So no World Championship medal for Willis still and at 34 years old he might not get another chance now. But we haven’t seen the last of Nick yet – sounds like he’s planning on taking on not only the 1500m but also the 5000m at the Gold Coast Commonwealth Games next year (as he also did in 2014).
Eliza McCartney – Pole Vault
An Olympic bronze medal earns you a certain about of expectation – it did for Tom Walsh. And just like Walshy, McCartney has also improved since Rio, setting a PB of 4.82m back in February. Problem was her preparation for London was severely hampered by an Achilles injury so while Timaru Tom was in prime shape to compete for a medal again at the Worlds, Eliza’s fate was a little more speculative.

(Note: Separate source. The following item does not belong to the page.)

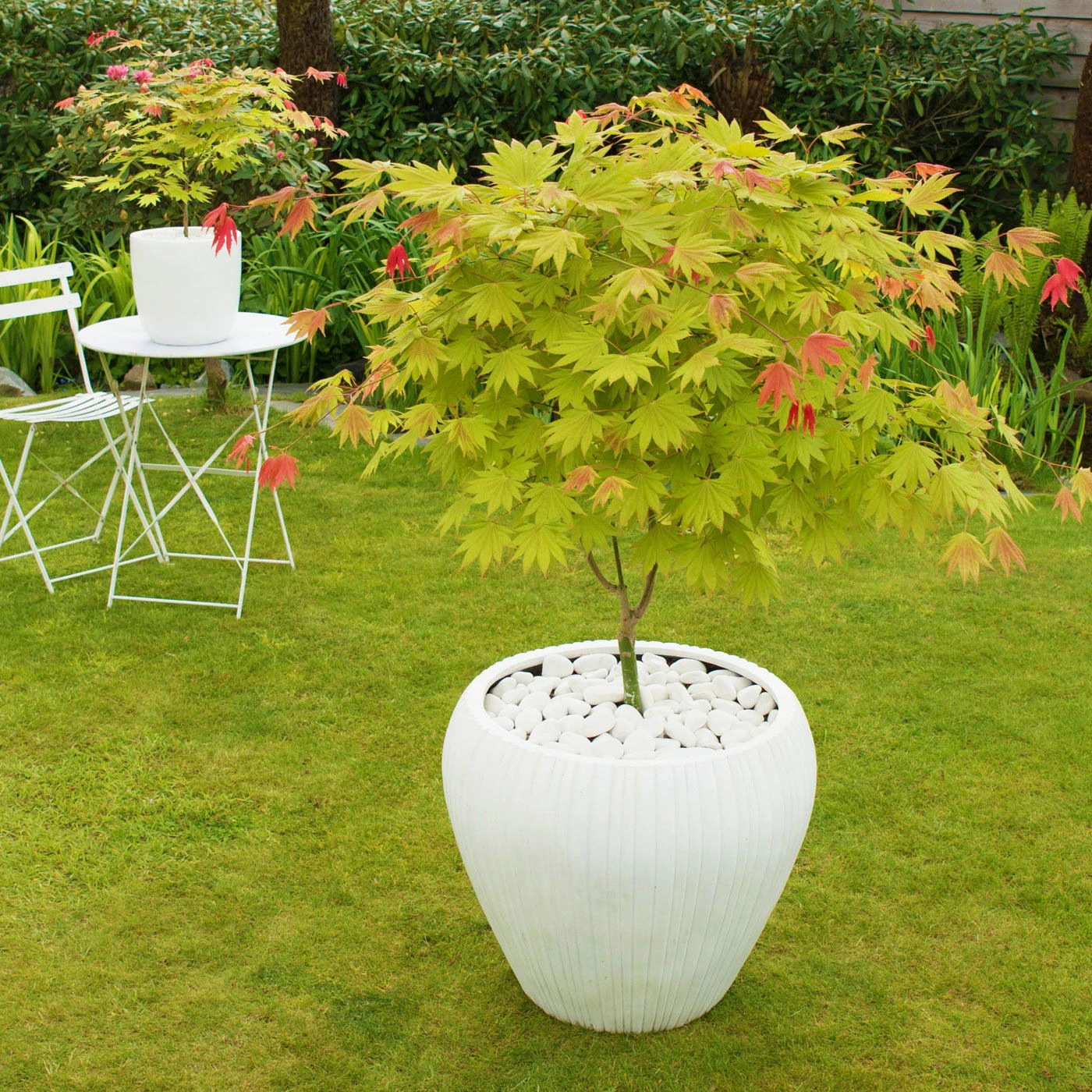 Japanischer Ahorn 'Moonrise'®PBR, Höhe 40 - 60 Cm, Topf-Ø 19 Cm 2 Japanischer Ahorn 'Moonrise'®PBR, Höhe 40 - 60 Cm, Topf-Ø 19 Cm – Bild 2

On one hand (/foot) her heel had cleared up something close to 100%. On the other hand (/foot) she’d lost out on plenty of reps and was coming in rusty.
The hope was obviously for the fitness to win out over the rustiness but when she only just snuck into the final, short of the automatic qualifying mark, it was obvious that she wasn’t at her best. Just lucky that her 4.50m mark was enough to creep into the top dozen – American Jenny Suhr wasn’t so lucky. She failed to clear the bar at all after leaping straight in on the 4.55m mark meaning that the third best clearance of 2017 wouldn’t be represented in the final at all.
This wasn’t much of a field. For whatever reason, the women didn’t see any big heights cleared with the exception of Ekaterini Stefanidi of Greece, the Olympic champ who is clearly the best in the business right now. She topped out at 4.91m for the best height of 2017 and a comfortable gold while Sandi Morris (USA) took silver with 4.75m and Robeilys Peinado (Venezuela) was a surprise bronze with a personal best of 4.65m.
To put that in perspective, there are 13 vaulters who have gone higher than that this year and 4.65m would only have gotten seventh in Rio (McCartney’s bronze was earned with a 4.80m clearance). And as for Eliza Mac, she had no trouble hurdling 4.45m but would need two goes to make it over 4.55m. As seven others all cleared 4.65m, Eliza soon found herself overmatched and she’d catch the bar all three times and finish ninth overall on countback.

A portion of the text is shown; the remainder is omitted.